Os “sacerdotes e levitas” (v. 19) pertenciam ao partido dos “saduceus”, mas depois da destruição do templo em 70 d.C. não havia mais serviço para eles. Sobraram apenas os “fariseus” (que comandavam as sinagogas) como liderança do judaísmo e, portanto, como adversários dos cristãos (que batizavam, em vez de praticar a circuncisão e outros sacrifícios da Lei). Assim nos evangelhos, os fariseus foram descritos negativamente (cf. Mt 23), embora Jesus durante sua vida na terra tivesse mais afinidade com os fariseus do que com os saduceus (cf. Mc 12,18; At 23,6-10).

João respondeu: “Eu batizo com água; mas no meio de vós está aquele que vós não conheceis, e que vem depois de mim. Eu não mereço desamarrar a correia de suas sandálias” (v. 26-27).

Em todos os evangelhos, o Batista responde que batiza só com água e não é digno de desamarrar as sandálias daquele quem vem depois dele (vv. 26-27; cf. Mc 1,7-8p). Mas no quarto evangelho acrescenta: “No meio de vós está aquele que vós não conheceis”. Num outro contexto, Jesus está entre os pobres necessitados e não é reconhecido (juízo final de Mt 25,31-46; cf. o canto “Seu nome é Jesus Cristo e passa fome … Entre nós está e não o conhecemos”)

Isso aconteceu em Betânia além do Jordão, onde João estava batizando (v. 28).

A cena acontece em Betânia na margem esquerda do Jordão, cuja localização é incerta. Outra aldeia do mesmo nome está perto de Jerusalém. Lá Jesus realizará seu maior sinal (milagre), ressuscitando Lázaro (Jo 11). Paulo relacionou o batismo com a ressurreição (Rm 6,3-11). Os profetas Elias e Eliseu também ressuscitaram mortos (1Rs 17; 2Rs 4). João Batista, porém, não fez nenhum milagre nem transmitiu o Espírito, no entanto Jesus o declarou “o maior entre os nascidos de uma mulher” (Mt 11,11; Lc 7,28).

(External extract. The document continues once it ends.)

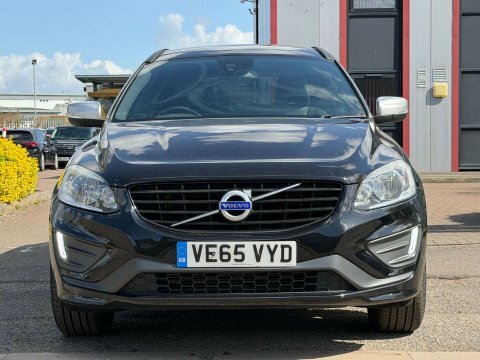 Volvo XC60 2.4 Xc60 R-design VE65VYD Black #3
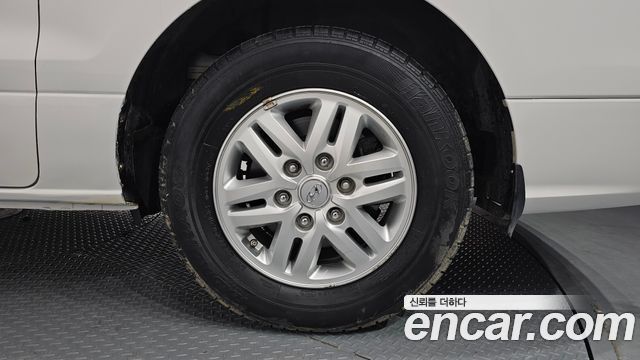 Hyundai Starex из Кореи Encar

O site do CNBB comenta: Sempre que vemos uma pessoa fazendo o bem, corremos o risco de buscar saber se é legitimo a pessoa fazer aquele bem quando, na verdade, deveríamos usufruir daquele bem e procurar descobrir o amor de Deus que se torna manifesto em tudo o que de bom acontece nas nossas vidas. É esse o caso do evangelho de hoje. Os fariseus não querem usufruir do bem que Deus lhes concede por meio de João Batista, mas enviam sacerdotes e levitas para averiguar se o que João está fazendo é certo ou errado e se ele tinha autoridade para fazer o bem.